A ação civil pública ambiental, movida pela 4ª Promotoria de Justiça da Comarca de Rio do Sul e ajuizada no início deste mês, denuncia poluições sonora e atmosférica provocadas pela fábrica, além da conivência do prefeito César Luiz Cunha (PSDB) em permitir a atividade industrial de porte incompatível para o lugar.  

Em plena área residencial do bairro Centro, a fumaça da chaminé, o mau cheiro dos produtos e o barulho de máquinas transformaram a vida dos moradores em um verdadeiro ‘inferno’.

Ação civil contra fábrica reproduz imagem encaminhada por morador à promotoria. (Foto: Valmir Coradini/MPSC)

Irregular

De acordo com o promotor Adalberto Exterkötter, a indústria nem sequer poderia ter sido instalada no local.

O galpão, na Rua Leopoldo da Cunha, está situado em uma área classificada no Plano Diretor Participativo Municipal como “ZU 3”, ou “Zona Urbana 3”.

Segundo esta legislação das diretrizes urbanísticas de Agronômica, a região destina-se ao uso residencial – o que proíbe quaisquer atividades industriais de grande porte ali.

Inclusive, “o Tribunal de Justiça de Santa Catarina [TJSC] também já se manifestou pelo encerramento de atividades em zoneamento proibido”, lembra a ação.

Tabela do Plano Diretor revela que fábrica não pode funcionar no bairro Centro, diz MP. (Captura de Tela: MPSC)
Com área útil de 1 hectare (10.000 m²), empresa enquadra-se em “porte grande”. (Captura de Tela: MPSC)

Apesar disso, o Instituto do Meio Ambiente de Santa Catarina (IMA) concedeu a licença ambiental de operação. A prefeitura, por sua vez, vem renovando os alvarás de localização e funcionamento da fábrica de rações, constituída em 25 de junho de 2019.

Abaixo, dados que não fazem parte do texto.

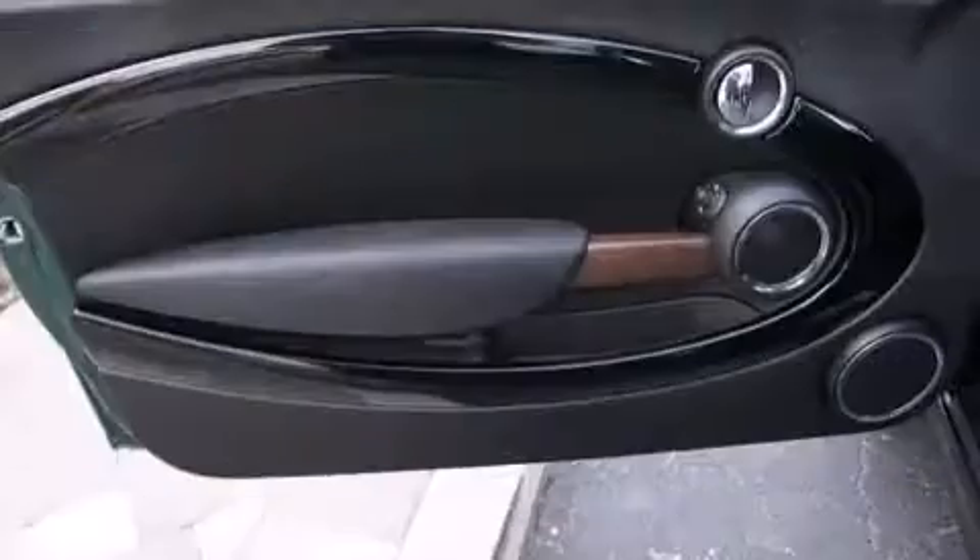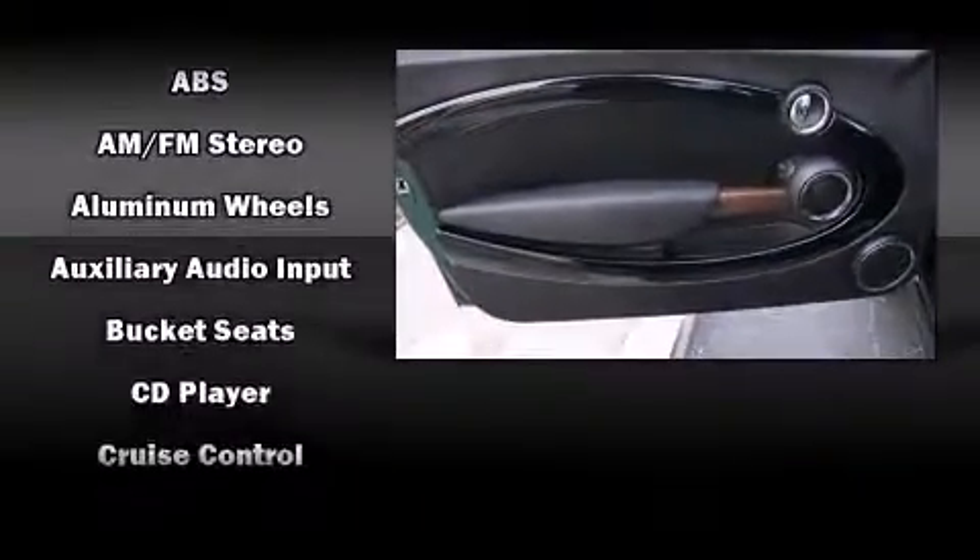Storage solutions are integrated throughout the interior, demonstrating thoughtful attention to detail.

Portanto, como se constata através da promotoria, as autoridades não se importaram em pisar nas normas – e, tampouco, de imputar sofrimento “gerando grande perturbação à vizinhança”, além de favorecer “risco ambiental” e possíveis ameaças à saúde da comunidade.

César Cunha, prefeito de Agronômica. (Captura de Tela: Reprodução/YouTube)

“Insuportável”: olhos, nariz, ouvidos…

Os moradores próximos e também do entorno relataram, de modo incansável, que são frequentemente importunados pela situação. Pedindo socorro, diversas mensagens de e-mail foram enviadas diretamente à 4ª Promotoria de Justiça. Os prints constam na ação civil pública e expõem a gravidade do problema.

“Aqui não dá pra aguentar o mau cheiro quase todos os dias (…), o barulho é insuportável”, relata Valmir Coradini, que reside na rua onde funciona a indústria de rações.

Maria Eunice Batista, que mora na mesma via, desabafa: “Por favor, precisa ser tomada providência urgente. Além do mau cheiro, tem também o barulho que incomoda bastante, 12 horas por dia”.

Diego Parma reclama: “Está tirando o sossego, incomodando os moradores e desvalorizando os imóveis”.

“Se não bastasse a fumaça que sai da chaminé, eles ateiam fogo em lixo ao lado da empresa”, denuncia Ângela Burato Seide, moradora do bairro Laudelino Cunha.

Já Ana Paula Corrêa Wendhausen, incomodada durante a construção de uma casa em um loteamento próximo, escreve: “Peço que, se possível, seja averiguada a regularidade da emissão destes resíduos, sobretudo pelo fato de a indústria se encontrar em área predominantemente residencial e no centro da cidade”.

“Foi conversado com os responsáveis que não resolveram o problema”, revela a queixa de Moacir Parma.

Alvará da prefeitura autoriza funcionamento da Puraforte em área proibida, denuncia MP. (Captura de Tela: MPSC)

Evasivas

Travada desde outubro de 2021 a partir de uma notícia de fato que evoluiu para um inquérito civil em março do ano passado, a prefeitura de Agronômica e a Puraforte bem que procuraram se esquivar da batalha jurídica – até mesmo “de forma ardilosa e no intuito de induzir a erro” a promotoria de Justiça. No entanto, sem sucesso e causando espanto ao MP.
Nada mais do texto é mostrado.